Am Markt kaufen wir noch Lebensmittel für die Weiterfahrt ein. Gegrillter Bambus, etwas Gemüse, Eier und laotisches Bier, das übrigens ausgezeichnet schmeckt. Wie schön, dass wir ein großes Gefrierfach im Kühlschrank haben, so müssen wir nicht komplett auf Fleisch verzichten. Wir haben das Fach in Thailand prall gefüllt. Wolfi hätte ja weniger Probleme mit dem Fleisch hier in Nordlaos während Verena lieber darauf verzichtet.

Es sind noch 3 Tage und ca. 40 km bis zur Grenze. Übernächtigungsplätze sind in den Bergen Laos schwierig zu finden. Die Hauptstraße ist geteert, es gehen so gut wie keine Seitenstraßen weg, nur kleine Pfade, die die Menschen nehmen, um in die Dörfer auf den Bergen zu gelangen. Hin und wieder findet man Pisten, die zum Fluß runterführen, wo sie die Klein-Lkws mit Steinen laden.
Einige Dörfer liegen auf der gegenüberliegenden Seite des Flußes. Es werden Bambusbrücken gebaut, auf denen man max. mit einem Motorrad queren kann.

Es ist Sonntag der 18. Mai. Wir erreichen die nördlichste Grenze in Laos nach Vietnam. Unser vietnamesisches Visum läuft ab Morgen. Also werden wir die Nacht hier an der Grenze verbringen, um am nächsten Tag gleich in der Früh einreisen zu können. Was ist nun so besonders an Vietnam?

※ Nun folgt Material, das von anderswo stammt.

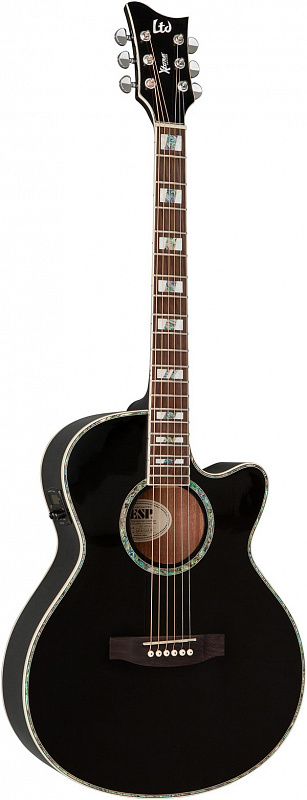 Электроакустическая гитара ESP XAC10E BLK в магазине Music-Hummer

Sie wollen keine ausländischen Fahrzeuge ins Land lassen. Dafür braucht man eine temporäre Fahrerlaubnis, vietnamesische Nummerntafeln, der Führerschein wird umgeschrieben und man braucht ein Import-Export-Transit paper. All das muß man in der ersten Provinzhauptstadt bei der Polizei und dem örtlichen Transportministerium erledigen. So die Theorie.
Verena bleibt bei den Hunden und den Fahrzeugen, während Wolfi und Martina es versuchen, in die Provinzhaupstadt zu gelangen und all die Papiere zu besorgen.
Persönlich kennen wir keine Overlander, die es in den Vietnam geschafft haben. Nur vom Hören sagen wissen wir von jemanden, die vor 4 Jahren all die Papiere für ihr Fahrzeug besorgen konnten.
Also sind wir gespannt, wo wir in den nächsten Tagen sein werden. Ob wir in den Vietnam einreisen dürfen, was einfach supergeil wäre, oder ob wir wieder zurück nach Laos müssen.